┌──

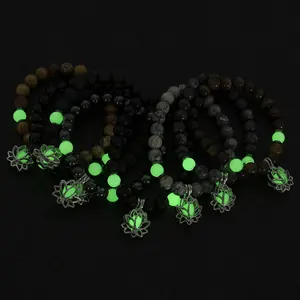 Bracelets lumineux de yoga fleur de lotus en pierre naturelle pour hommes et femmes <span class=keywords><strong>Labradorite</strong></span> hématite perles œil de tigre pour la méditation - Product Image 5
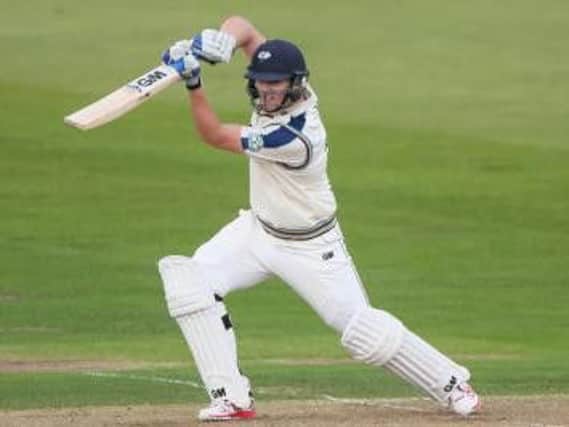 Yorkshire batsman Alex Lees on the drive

└──
┌──

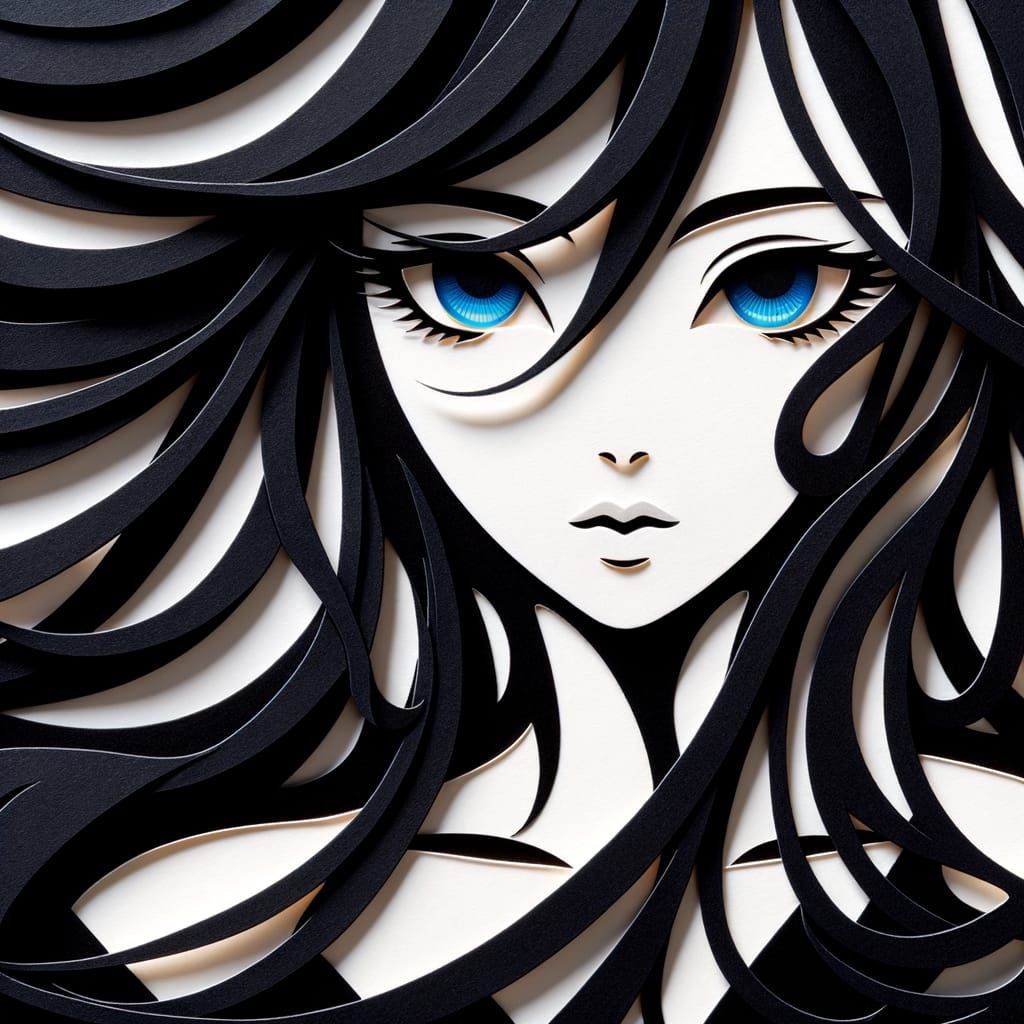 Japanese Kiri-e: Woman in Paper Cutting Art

└──

# Problem description
Skipping the pictures, print the lines in the listing above exactly as written, starting at the line with "Bracelets lumineux de" and ending at the line with "Yorkshire batsman Alex Lees on the drive", both included.

# Your solution
 Bracelets lumineux de yoga fleur de lotus en pierre naturelle pour hommes et femmes <span class=keywords><strong>Labradorite</strong></span> hématite perles œil de tigre pour la méditation - Product Image 5
 Yorkshire batsman Alex Lees on the drive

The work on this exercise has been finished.